Allow Him to Take Us Away
by Rev. Matthew H. Zuberbueler
Reprinted by permission of "The Arlington Catholic Herald"
To Sunday Gospel Reflections Index
Mark wrote to explain Christ
to the new Gentile converts.
Again Jesus left the district of Tyre and went by way of Sidon to the Sea of Galilee, into the district of the Decapolis. And people brought to him a deaf man who had a speech impediment and begged him to lay his hand on him. He took him off by himself away from the crowd. He put his finger into the man's ears and, spitting, touched his tongue; then he looked up to heaven and groaned, and said to him, Ephphatha! - that is, "Be opened!" - And immediately the man's ears were opened, his speech impediment was removed, and he spoke plainly. He ordered them not to tell anyone. But the more he ordered them not to, the more they proclaimed it. They were exceedingly astonished and they said, "He has done all things well. He makes the deaf hear and the mute speak."
A certain lesser known country music song suggests we can learn to listen for the sound of the breeze dying down and, even better, for the sound of the sun going down. In hectic Northern Virginia, the conditions for such listening can seem scarce. Still, the refinement within ourselves of an attentive listening spirit can at once help our prayer, balance our lives and keep us in tune with reality.
An ongoing friendship with God will necessarily involve learning to recognize the way God speaks to us. (Hint: Most likely we won’t hear voices). A fruitful way to test our listening skills could be to reflect on how our lives and prayer would be if we could not hear at all. Might the plight of the deaf man help us to navigate the noise this world offers?
In the Letter to the Romans (Rom 10:16-17), St. Paul writes that “faith comes from what is heard.” Consider the man in Sunday’s Gospel who has the healing encounter with Jesus. The text does not say if he had always been deaf. If so, he would have had to guess what sound sounds like. He would have been experiencing without sound the actions of the people around him who were bringing him to Jesus. In the best scenario he might have had friends close to him who were able to convey to him something about the man Jesus — about the great miracles he was accomplishing and His powerful teachings. The deaf man was accustomed to living without hearing sounds but, in his way, he could still hear — and listen.
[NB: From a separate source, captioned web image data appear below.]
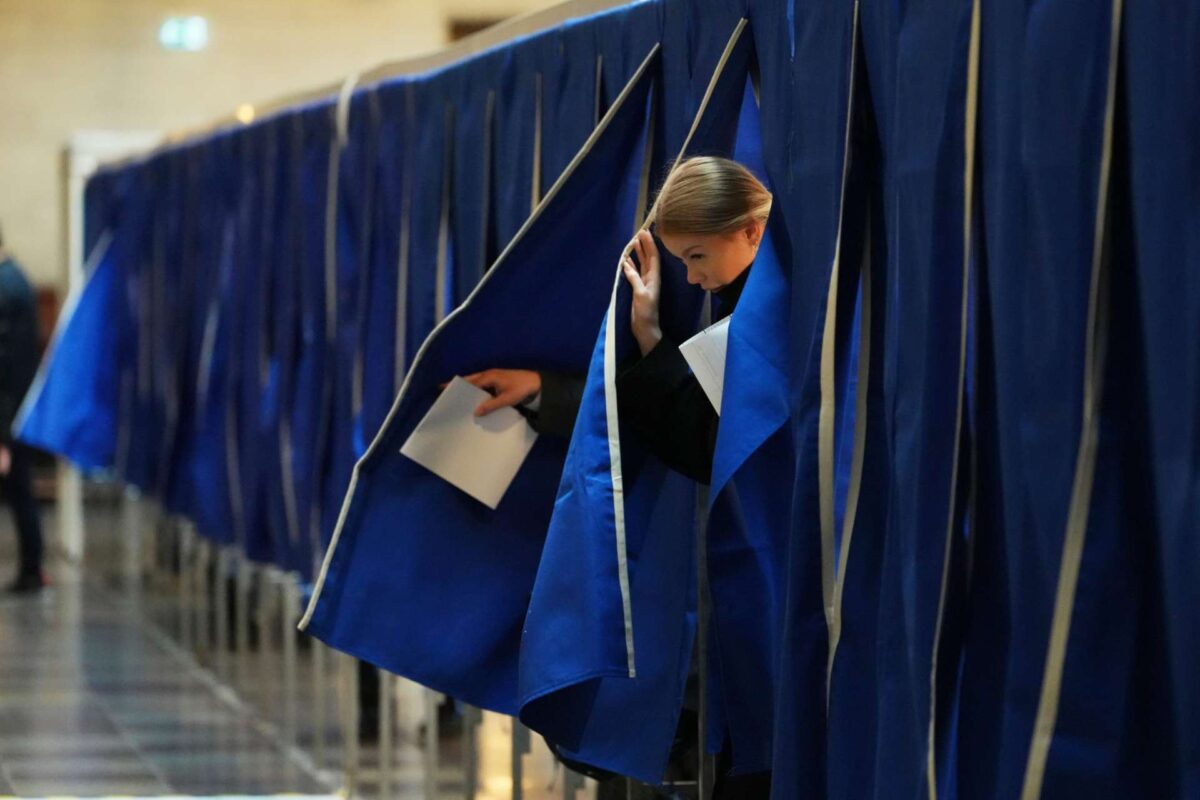 Δανία: Άνοιξαν οι κάλπες για τις βουλευτικές εκλογές – Για τρίτη θητεία πάει η απερχόμενη πρωθυπουργός Φρέντερικσεν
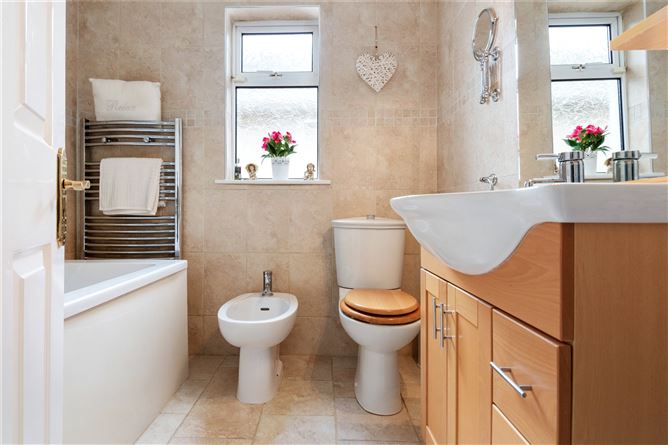 Homeleigh, 1 Orlagh Lodge, Knocklyon, Dublin 16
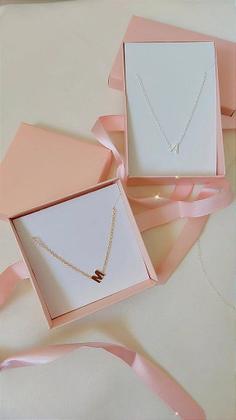 Imagem de Colar Letra/Inicial Personalizado - Semijoia Banhada em Ouro 18K ou no Banho Prata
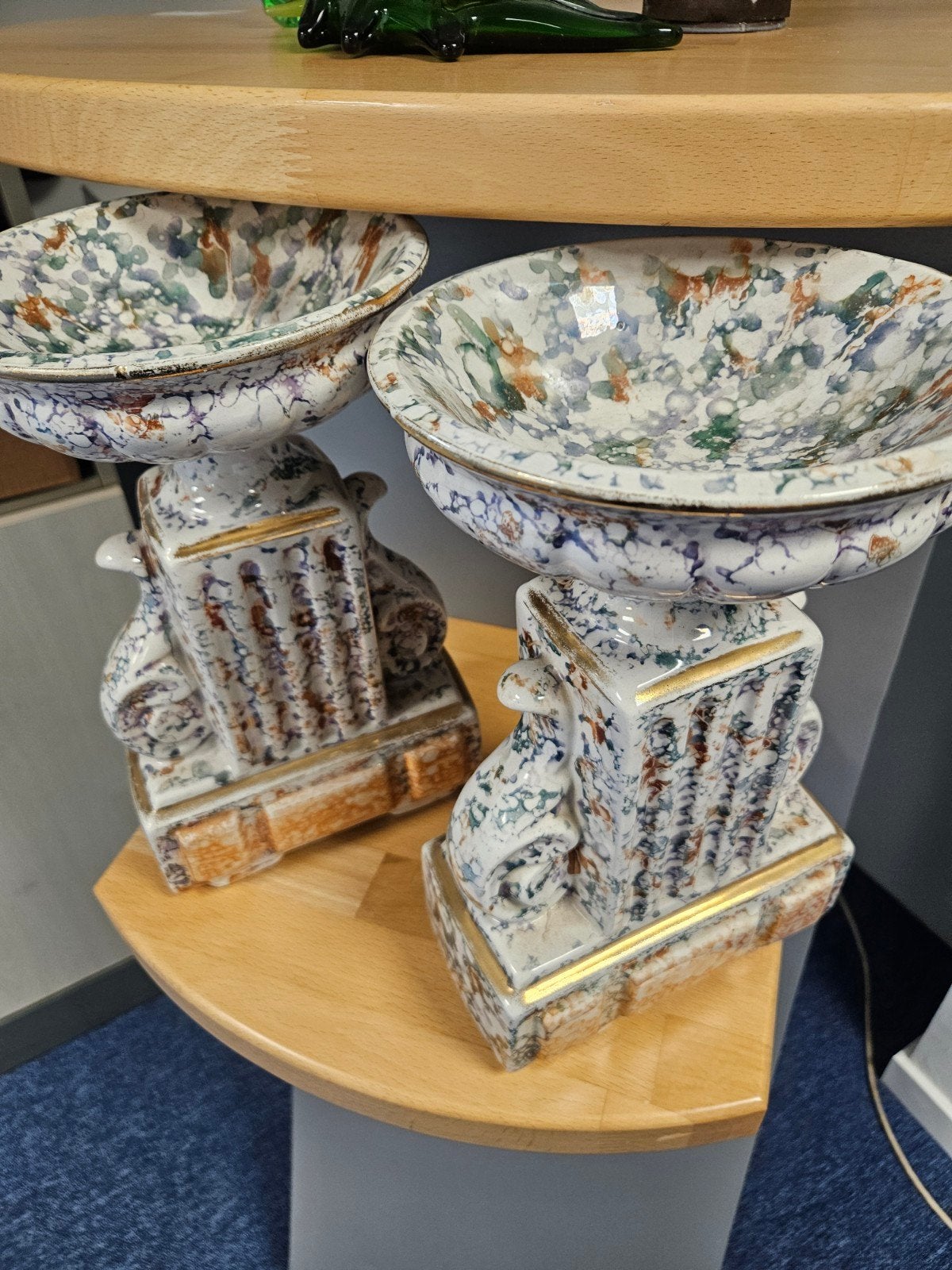 AMC keramische sierschalen op voet – set van 2 – vintage, Ophalen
It seems evident that he was not resistant to the faith of the people around him. Understanding that this Teacher, this Rabbi, this man Jesus might heal his hearing, the deaf man finds himself on the verge of a new kind of life. What was he thinking? Perhaps he was wondering what the experience of sound is like. Could he even imagine what he had been missing? What sound would he hear first if this Healer heals him? Will it work? Please, please let it work. Make me whole. Let me hear what they hear.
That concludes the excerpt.